A "partnership" is a multidisciplinary research team that applies an integrative systems approach to develop knowledge and/or methods to improve function, promote health, and increase participation in community life. An increasing proportion of the nation's healthcare expenses is devoted to the care of individuals with chronic diseases and disorders, many of whom experience significant declines in their abilities to perform activities of daily living and to participate in community life. Effective rehabilitation solutions for these individuals may significantly improve the nation's use of increasingly constrained healthcare resources.

Examples of areas of research interest include studies to: develop and test the efficacy of symptom-focused or holistic/integrated therapies for high prevalence conditions that cause disability, including low back pain, stroke, hearing loss, visual loss, and congestive heart failure; determine the extent to which genetic, environmental, social, and psychological factors determine patient responses to specific rehabilitative interventions; investigate the processes, at a molecular level, that lead to formation of muscle and skin contractures that occur due to inactivity and chronic disease; define the optimal setting(s) and timing of rehabilitation strategies, optimal pain protocols, the role of passive range of motion, and the most cost-effective follow-up for patients undergoing hip and knee replacement surgeries; develop algorithms that can be used to match available interventions and technologies to individual patients to optimize functional outcomes; develop and evaluate defined rehabilitation interventions based upon detailed biomechanical analyses of the patterns of muscle activation in specific conditions; and test methods to promote the dissemination of evidence-based rehabilitative therapies and technologies from the laboratory or clinic to community environments.

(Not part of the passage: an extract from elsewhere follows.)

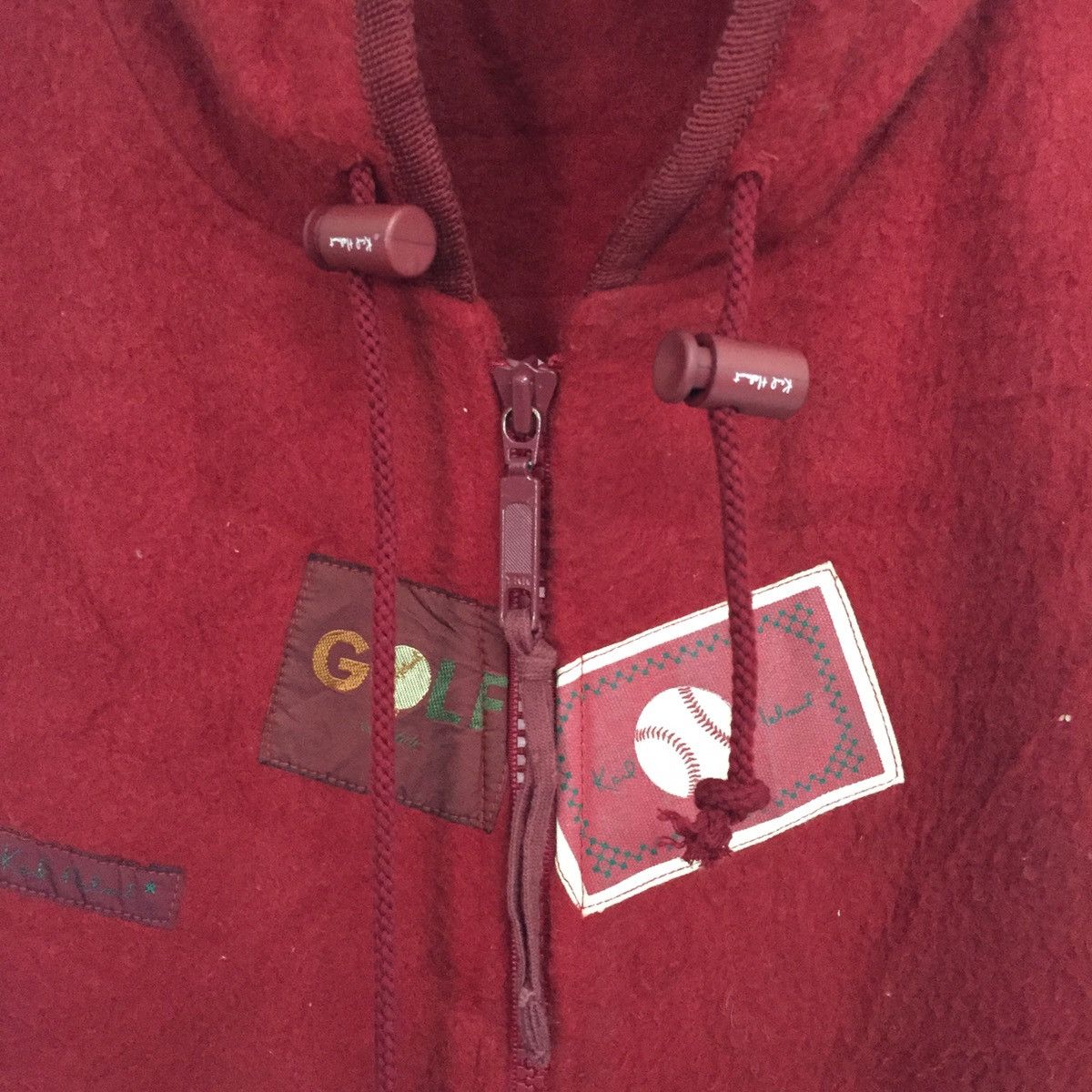 Designer × Karl Helmut Karl Helmut GOLF Vest Hooded Size US L / EU 52-54 / 3 - 3 Thumbnail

For more information, potential applicants should contact Dr. Daofen Chen, Program Director, Channels, Synapses and Circuits Cluster, NINDS, Neuroscience Center, 6001 Executive Boulevard, Room 2131, Bethesda, MD 20892; telephone: 301-496-1917; fax: 301-402-1501; e-mail: dc342b@nih.gov.

*For a full list of supporting NIH components and a more detailed description of this program announcement, please visit the NIH web site at: http://grants.nih.gov/grants/guide/pa-files/PAR-04-077.html.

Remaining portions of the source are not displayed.